Biasanya para praktisi Dhamma yg kritis dan serius akan menilai seorang Guru dari 2 hal:
1. dari Konsep/ Teori yg diutarakan Sang Guru
Sesungguhnya Sang Buddha telah sempurna membabarkan Dhamma. Namun tentu saja masih diperlukan para Guru/Master untuk membimbing praktisi2 yg masih pemula, atau juga saling Asah Asih Asuh antar praktisi. Nah, teori yg bagus dari seorang Master adalah yg sejalan dengan Buddha Dhamma, jikalau bertentangan, pasti akan mendapat kritikan dari para praktisi.

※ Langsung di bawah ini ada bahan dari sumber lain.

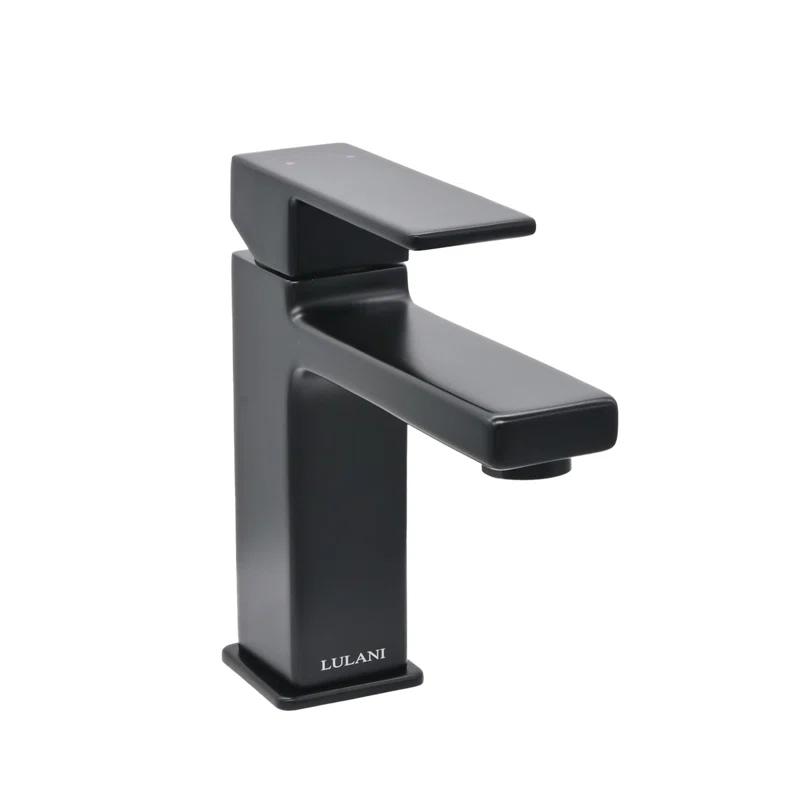 Lulani BA-600-01MB Lulani Capri Single Hole Bathroom Faucet with Drain Assembly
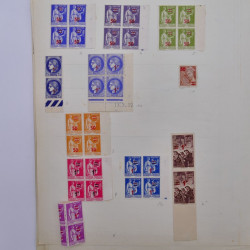 Collection timbres de France 1900-1940 neufs** / * sur feuilles d'album.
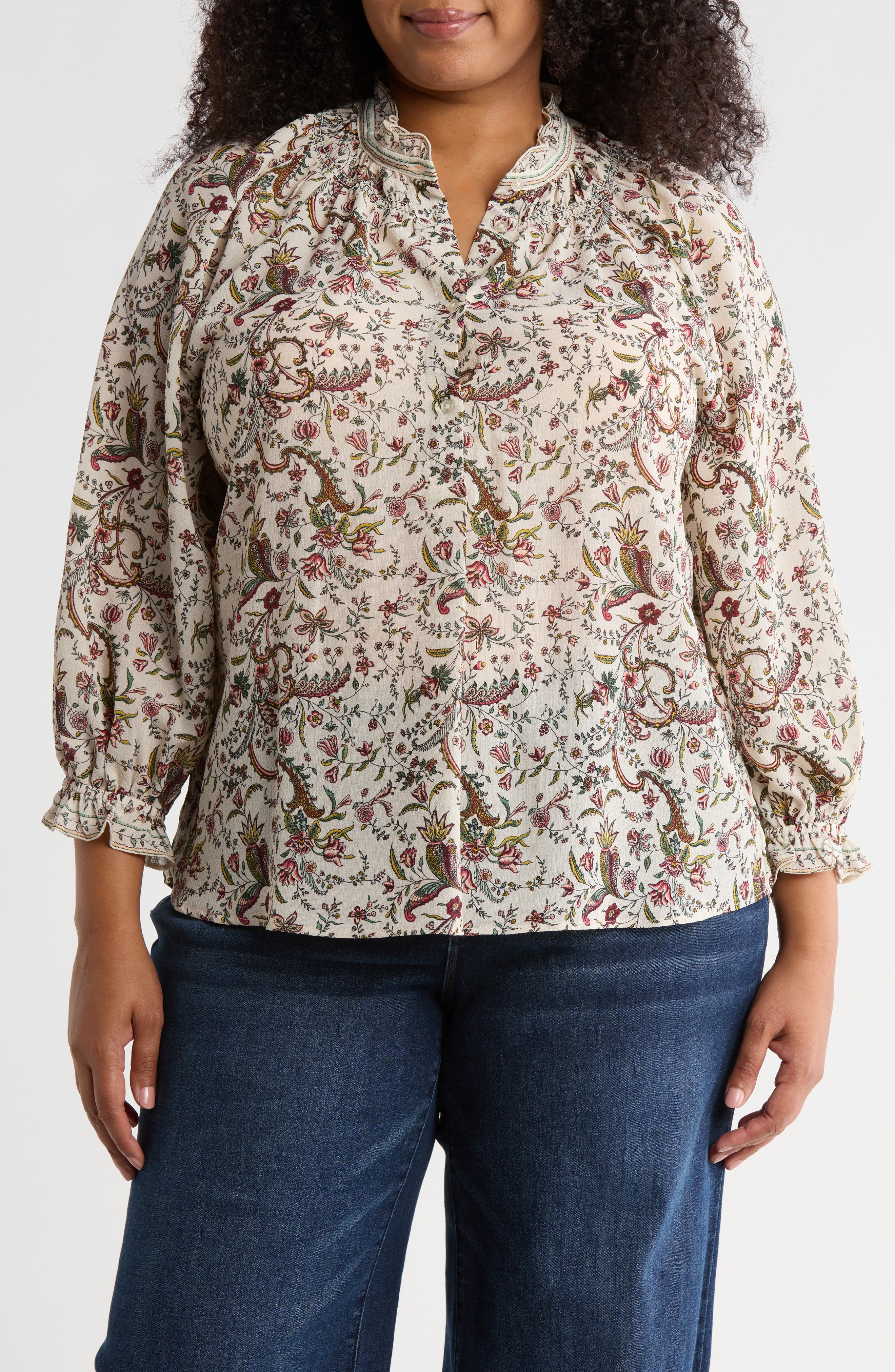 MAX STUDIO Ruffle Top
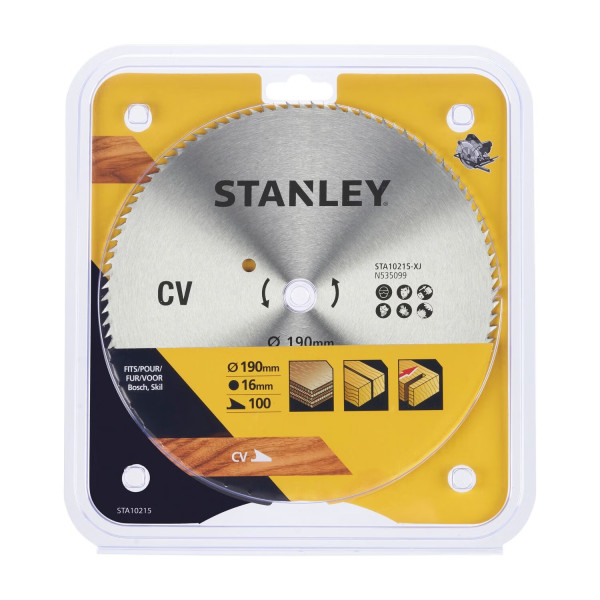 Фото - Диск пильний Stanley FATMAX 190 х 16 мм (STA15370)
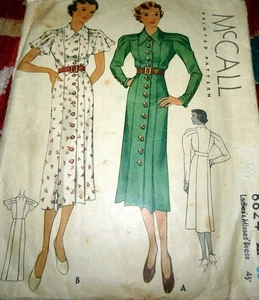 *LOVELY VTG 1930s DRESS McCalls Sewing Pattern BUST 38 - Picture 1 of 2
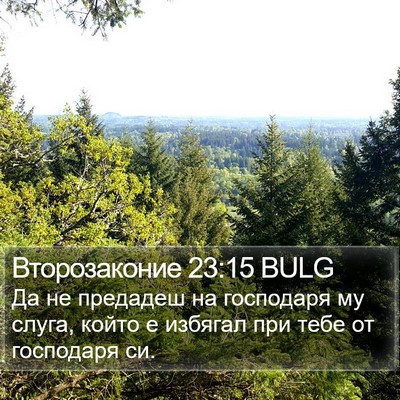 Второзаконие 23:15 BULG Bible Verse Image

2. Dari tindak-tanduk Si Master.
Seorang praktisi yg baik akan menilai keampuhan Ajaran Sang Guru dari tindak tanduk kesehariannya. Jika Sang Guru mengajarkan 'akhir dukkha', maka ia harus dapat mencerminkan keberhasilan praktiknya tsb sehingga para murid percaya bahwa Ajarannya telah benar. Namun jika Si Master dalam kesehariannya mencerminkan tebalnya dosa lobha moha, hiddup glamour atau stress melulu, maka apa yg bisa dipegang dari Ajarannya? Tiada bedanya Ia dengan kita2. Bukanlah kesaktian, kata2 hebat, teori2 muluk, penampilan senyum2 atau penampilan glamour ala pendeta tinggi yg mencerminkan ia seorang Master Sejati, namun dari konsistensi cara bicara, cara berbuat, gaya hidup yg sederhana, toleransi, sabar dan tenang yg membuatnya dinilai seorang Guru sejati.
Dengan demikian, masing2 dari kita bisa menilai, apakah Master yg itu 'benar2' seorang Master / bukan? Guru yg itu 'benar2' seorang Guru atau bukan?